LDR without end
November 20, 2005 2:22 PM   Subscribe

LDRfilter: I'm in a long distance relationship and past questions about them have been really helpful to me. What seemed to be a recurring feature was that people said it was essential to have an end date, or some day that you knew the distance would be over. I don't. Does anyone have experience of this, or can anyone offer advice specific to this situation? Also, any ideas about how an Australian student could somehow live in the same country as an American actor would be great.

We've been together two years now and I'm more in love with her than ever. I'm not asking if I should break up with her because that's just not an option.

The distance is hard, but doable. We're getting through it. She has limited access to computers so it's hard to keep in touch regulaly, but we're doing ok. The problem is that when it does get hard, we don't have any date or any plan that will bring us together for longer than a few weeks. I still have two more years of university left, and as an actor it would be a pretty terrible career move for her to come here (even if she could get a visa).

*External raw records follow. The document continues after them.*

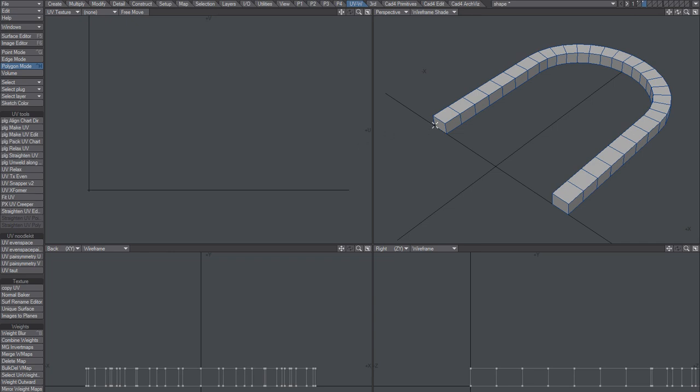Alright, you could take these two guys, cut paste and then use UV Creeper, which is a nice plugin covered in an earlier video, but this time around I'm just going to go with PLG UV.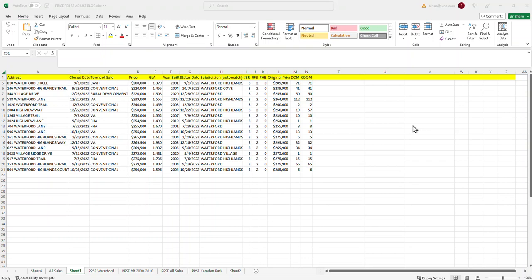Hello everyone, this is Tom with Birminghamappraisalblog.com and today we're going to talk about the process involved in calculating a price per square foot adjustment.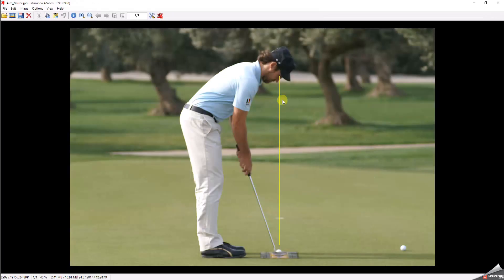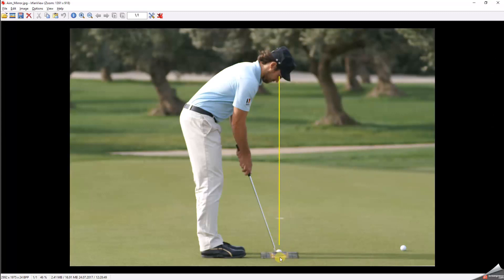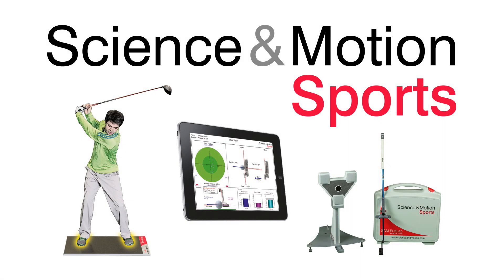To work on your aim and to improve the consistency of your aim, you might simply use a mirror to check your eye position over the ball and to check if your aim is square to the target.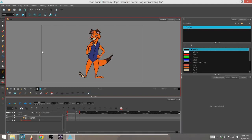This is a tutorial for Toon Boom Harmony Essentials, and what I'm going to show you how to do right now is how to use the cutter effect on your scene.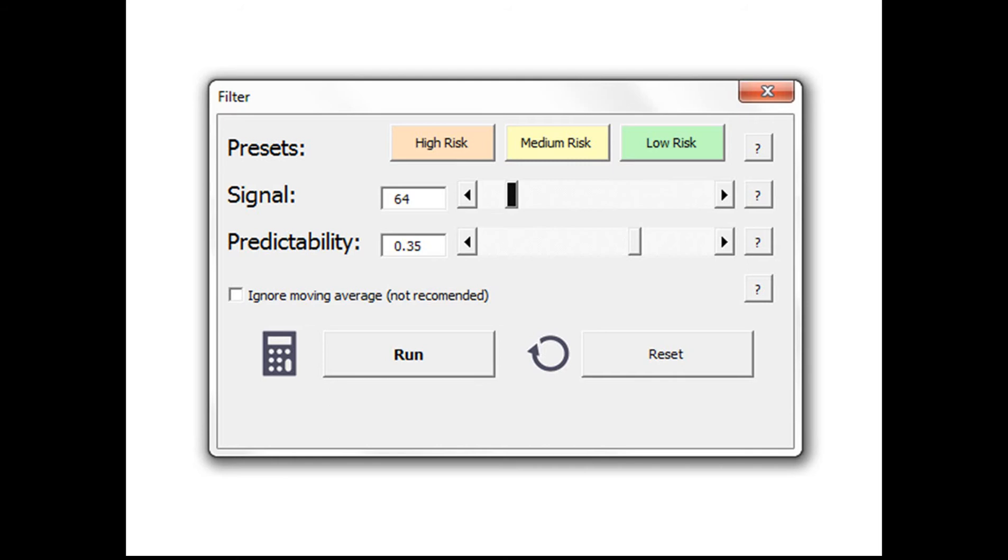At the top you will have preset settings which modify your customizable settings, including the signal and predictability filters and an option to add or remove a moving average detector filter, which we have been discussing often on our website. You will have the run button to modify the user interface and the reset button to reset it to its original form.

So: any advice on how to deal with the issue of the distance being open ended would be great, as would any anecdotes, friends of friends in similar situations etc. Secondly, any advice on how two people can live in the same country would be great. Student exchanges through the university aren't an option, for a few reasons. Too expensive, doesn't fit in with my course and, most importantly, I would still be across the country from her. So I need new ideas. Help me!
posted by twirlypen to Human Relations (15 answers total) 3 users marked this as a favorite
 
If you really love each other and really want to be with each other in a big long-term kind of way, then surely there is an end date in sight, even if it's far away - once you finish university you could move to America and live with her.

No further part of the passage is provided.